Francken est, au début du XVIIe siècle, l’un
des artistes les plus populaires d’Anvers. Un
important atelier lui permet de répondre à
de nombreuses commandes et de diffuser
son oeuvre. Les innombrables variantes et
copies sorties de cet atelier sont souvent de
très grande qualité, de sorte que la question
d’une éventuelle participation de Francken
à ces oeuvres se pose à de multiples reprises.
Ses compositions variées, animées de nombreuses
figures, son style vigoureux et narratif
lui assurent de son vivant une renommée européenne. Comme bon nombre de ses collègues,
Frans Francken II collabore parfois avec
d’autres artistes anversois. Spécialisé dans les
figures humaines, il s’associe à des paysagistes,
des peintres animaliers et de fleurs ainsi que
des peintres d’architecture pour créer une
oeuvre en commun.
Ses nombreux tableaux religieux et profanes
sont finement peints, très détaillés et l’aspect
pittoresque y domine. Francken invite le spectateur
à se délecter des habits somptueux, des
accessoires précieux et des intérieurs tantôt
grandioses, tantôt intimes. L’artiste préfère un
point de vue assez aérien qui lui permet d’embrasser
une multitude de choses représentées.
La feuille de Grenoble montre que les dessins
finis, rehaussés d’aquarelle, étaient aussi très
recherchés des amateurs même si le nombre
de ceux qui sont conservés est plus limité
aujourd’hui en raison de leur fragilité. Exécutée
à la même période que ses tableaux, cette
oeuvre est marquée par un retour délibéré à la
Renaissance, période à laquelle brillait Anvers
de sorte que l’attribution à Aldegrever, peintre
du début du XVIe siècle, n’est pas dénuée de sens.
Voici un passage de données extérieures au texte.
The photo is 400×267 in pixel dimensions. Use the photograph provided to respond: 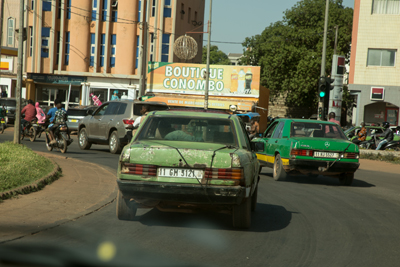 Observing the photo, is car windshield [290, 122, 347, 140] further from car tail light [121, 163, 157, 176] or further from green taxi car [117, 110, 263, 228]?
car tail light [121, 163, 157, 176]

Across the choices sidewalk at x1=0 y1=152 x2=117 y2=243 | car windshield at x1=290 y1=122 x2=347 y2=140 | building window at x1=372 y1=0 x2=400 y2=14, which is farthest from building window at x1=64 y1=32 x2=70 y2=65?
car windshield at x1=290 y1=122 x2=347 y2=140

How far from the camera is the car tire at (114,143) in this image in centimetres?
1817

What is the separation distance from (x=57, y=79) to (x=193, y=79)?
13515 millimetres

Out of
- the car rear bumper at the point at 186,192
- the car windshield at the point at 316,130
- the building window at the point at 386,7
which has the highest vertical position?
the building window at the point at 386,7

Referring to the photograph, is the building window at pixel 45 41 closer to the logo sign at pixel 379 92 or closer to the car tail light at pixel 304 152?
the logo sign at pixel 379 92

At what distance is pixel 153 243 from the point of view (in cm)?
571

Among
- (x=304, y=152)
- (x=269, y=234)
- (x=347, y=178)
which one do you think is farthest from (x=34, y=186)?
(x=347, y=178)

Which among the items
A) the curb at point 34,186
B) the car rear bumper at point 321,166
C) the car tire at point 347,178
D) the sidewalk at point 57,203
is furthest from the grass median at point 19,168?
the car tire at point 347,178

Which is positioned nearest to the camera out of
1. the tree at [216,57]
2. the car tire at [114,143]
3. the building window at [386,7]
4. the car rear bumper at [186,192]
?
the car rear bumper at [186,192]

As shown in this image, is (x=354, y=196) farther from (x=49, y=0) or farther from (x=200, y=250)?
(x=49, y=0)

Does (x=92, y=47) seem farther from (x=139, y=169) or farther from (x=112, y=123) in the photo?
(x=139, y=169)

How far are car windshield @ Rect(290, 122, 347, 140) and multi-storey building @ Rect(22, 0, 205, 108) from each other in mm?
32347

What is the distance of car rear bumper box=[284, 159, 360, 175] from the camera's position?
476 inches

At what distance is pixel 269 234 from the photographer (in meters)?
6.60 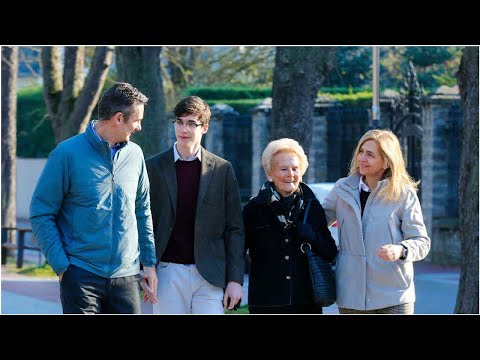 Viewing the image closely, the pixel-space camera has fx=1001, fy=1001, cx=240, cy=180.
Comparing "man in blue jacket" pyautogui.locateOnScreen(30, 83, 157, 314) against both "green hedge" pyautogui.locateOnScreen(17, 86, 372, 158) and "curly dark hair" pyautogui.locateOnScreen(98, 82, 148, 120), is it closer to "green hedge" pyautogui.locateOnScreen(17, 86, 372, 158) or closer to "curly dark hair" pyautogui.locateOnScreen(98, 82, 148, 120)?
"curly dark hair" pyautogui.locateOnScreen(98, 82, 148, 120)

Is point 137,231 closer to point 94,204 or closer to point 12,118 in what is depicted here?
point 94,204

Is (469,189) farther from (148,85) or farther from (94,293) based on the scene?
(148,85)

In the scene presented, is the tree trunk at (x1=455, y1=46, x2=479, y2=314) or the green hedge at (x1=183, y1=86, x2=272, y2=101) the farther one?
the green hedge at (x1=183, y1=86, x2=272, y2=101)

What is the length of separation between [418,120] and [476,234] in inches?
422

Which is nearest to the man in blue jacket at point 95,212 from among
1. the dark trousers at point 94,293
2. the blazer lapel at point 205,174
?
the dark trousers at point 94,293

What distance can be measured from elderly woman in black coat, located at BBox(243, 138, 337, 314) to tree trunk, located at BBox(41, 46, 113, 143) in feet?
32.5

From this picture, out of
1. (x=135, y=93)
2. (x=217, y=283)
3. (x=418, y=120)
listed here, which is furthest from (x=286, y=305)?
(x=418, y=120)

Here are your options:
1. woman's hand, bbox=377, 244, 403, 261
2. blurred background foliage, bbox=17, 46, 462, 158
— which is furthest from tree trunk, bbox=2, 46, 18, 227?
woman's hand, bbox=377, 244, 403, 261

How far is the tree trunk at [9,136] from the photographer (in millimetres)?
20219

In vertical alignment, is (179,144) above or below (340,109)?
below

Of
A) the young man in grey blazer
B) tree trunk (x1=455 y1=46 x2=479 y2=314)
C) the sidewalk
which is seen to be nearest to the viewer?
the young man in grey blazer

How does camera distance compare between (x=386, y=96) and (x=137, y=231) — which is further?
(x=386, y=96)

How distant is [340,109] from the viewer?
21125 mm

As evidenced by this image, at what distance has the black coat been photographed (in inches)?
224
Pourtant, cette feuille de Francken, conservée
jusqu’alors sous le titre Couple en tenue de
cour, s’inspire plutôt de dessins de Bernard van
Orley. La nostalgie de cette période, faste mais
de courte durée et interrompue par les conflits
religieux, est bien sensible dans l’art anversois
du XVIIe siècle.
Francken dessinateur demeure un sujet peu
travaillé. On connaît surtout de sa main des
dessins préparatoires à ses peintures. Citons
le Triomphe d’Amphitrite du Kupferstichkabinett
à Dresde[5], qui prépare le tableau de
même sujet conservé à Manchester (New
Hampshire), Currier Gallery of Art[6], et dont
l’exécution est plus cursive et rapide que la
feuille de Grenoble.
[1] MG D 2 ; voir cat. exp. Grenoble, 2010, cat. 2, p. 28-33, repr. p. 29. Pour Valardi, voir aussi cat. 2.
[2] Musée de l’Ermitage, Inv. 3109 ; voir cat. exp. Bruxelles, Rotterdam, Paris, 1972-1973, n°36, repr.
[3] Voir Matthieu, XIV, 3-12 et Marc, VI, 17-29.
[4] Anvers, Koninklijk Museum voor Schone Kunsten, Inv. n°158-162 ; voir Härting, 1989, n°258, repr.
[5] Härting, op. cit., p. 97, ill. 89.
[6] Härting, op. cit., p. 96, ill. 88.